Blacks in the past have groused at and bashed the Democrats. But they still overwhelmingly vote for them. The off the chart vote blacks gave President Obama is repeatedly cited even by black Republican hopefuls as an aberration in that blacks turned the election into a holy crusade to get one of their own in the White House. That's wrong on two counts. Obama was more than just the fulfillment of a civil rights dream. He had a solid program for change that frontally challenged and promise of reversing the social and economic damage, race baiting, and neglect that characterized three decades of Republican rule in the White House and the sledgehammer attacks on or malign neglect of civil rights leaders and concerns when Republicans were out of the White House.
President George W. Bush escalated the assault on education, health, jobs programs. His refusal to do what other presidents routinely did and that's speak at or send a congratulatory message to the NAACP annual convention until the last year of his second White House term was the ultimate snub and insult, and final proof to black voters that the GOP was a party of closet race baiters, bigots, and race panderers.
The unshakeable loyalty of blacks to the Democrats is also based on simple pragmatism. The entire Congressional Black Caucus is Democrats, and so are the leaders of the mainstream civil rights organizations. Despite the shots they take at the Democrats for taking them and their vote for granted, black Democrats and civil rights leaders are still highly respected. Most blacks still look to them to fight the tough battles for health care, greater funding for education and jobs, voting rights protections, affirmative action, and against racial discrimination. Civil rights organizations were the only groups that consistently fought back against Reagan, Bush Sr., and W. Bush's draconian cuts in job, education, social service, funding and programs, their retrograde nominees to the Supreme Court appointments that would roll back the civil rights clock, and their peck away at affirmative action, civil rights and civil liberties protections.

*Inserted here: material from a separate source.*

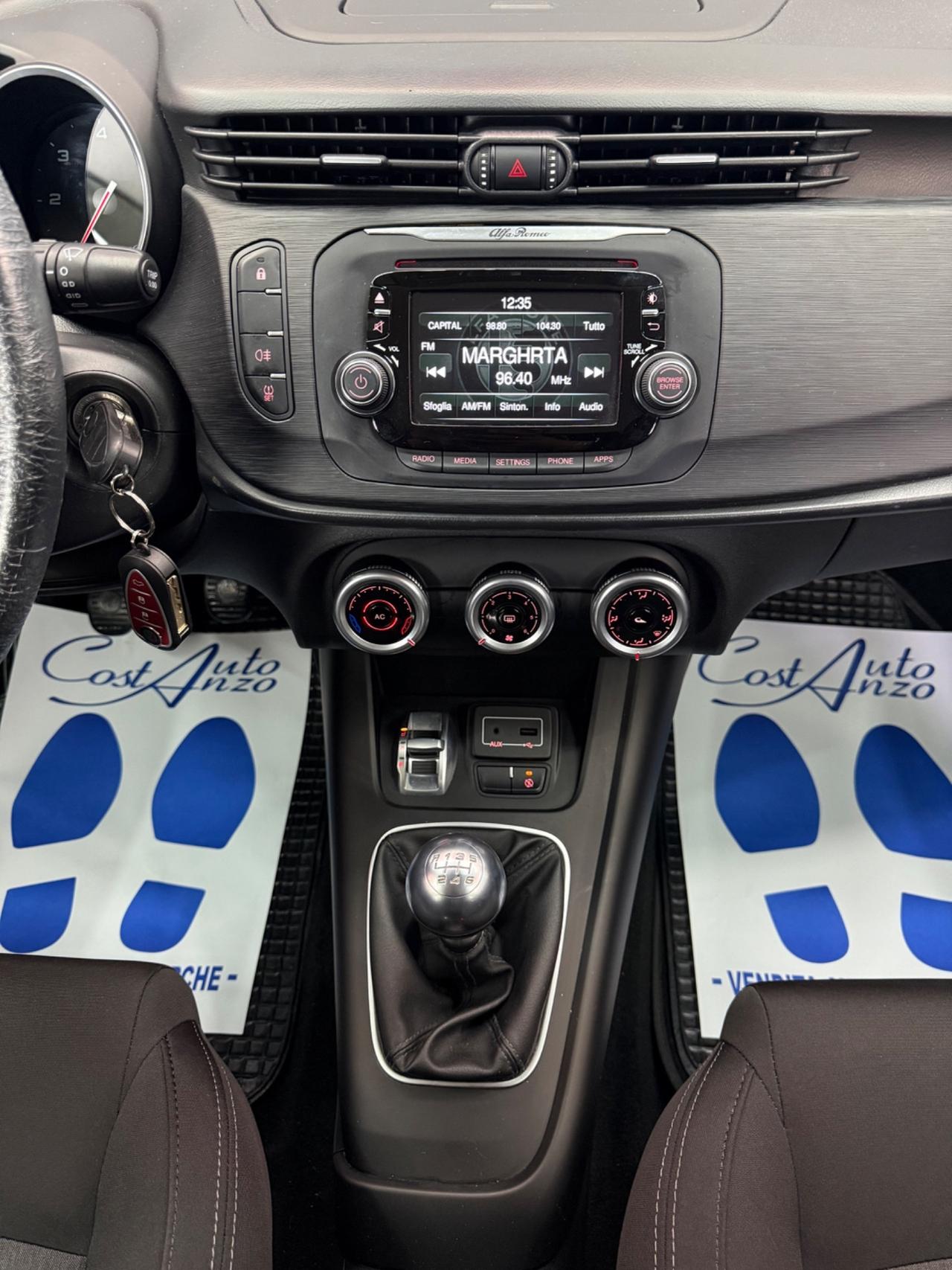 Alfa Romeo Giulietta 1.6 Multijet 120 CV Super 2017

Even when black Democratic politicians stumble and engage in borderline corrupt and self-serving feather their own nest antics, they are still regarded as better bets than Republican candidates to be more responsive to black needs. Black voters generally regard them as the politicians that accurately capture the mood of fear and hostility the majority of blacks feel toward the Republicans.
Then there's the Republican Party, and its long, blatant, and infuriating history of racial exclusion, neglect and race baiting, and polarization. The endless foot in the mouth, racially insulting gaffes, racially loaded campaign ads by Republican officials and politicians and the refusal by mainstream GOP leaders to loudly condemn them and even defend them. This has continually ignited black fury the last three decades. The fight of House Republicans during that time against the Voting Rights Act renewal, affirmative action, the slash and burn of job and education programs, and Bush's Katrina bungle, deepened black suspicions that the GOP is chock full of bigots.
The Tea Party has done absolutely nothing to dispel that suspicion. Tea Party leaders loudly protest that blacks should not judge them as racists based on the quackery of a few bigots and race baiters among their ranks. The fact that those bigots and race baiters are there in the first place and with few exception Tea Party leaders have kept their mouths shut about them, let alone not drummed them out of the movement, is hardly reassurance that the Tea Party's rage against big government, taxes and their tout of the Constitution and personal freedoms isn't a cover for latent bigotry toward one black man, President Obama.
Frances Rice, National Black Republican Association head, blames the mainstream media for ignoring black Republicans because they don't fit a template, that's being black, liberal and Democrat. She's right, black Republicans don't. But most black voters do fit that template. And since they do black Republicans talk of ousting Democrats in November is a fantasy.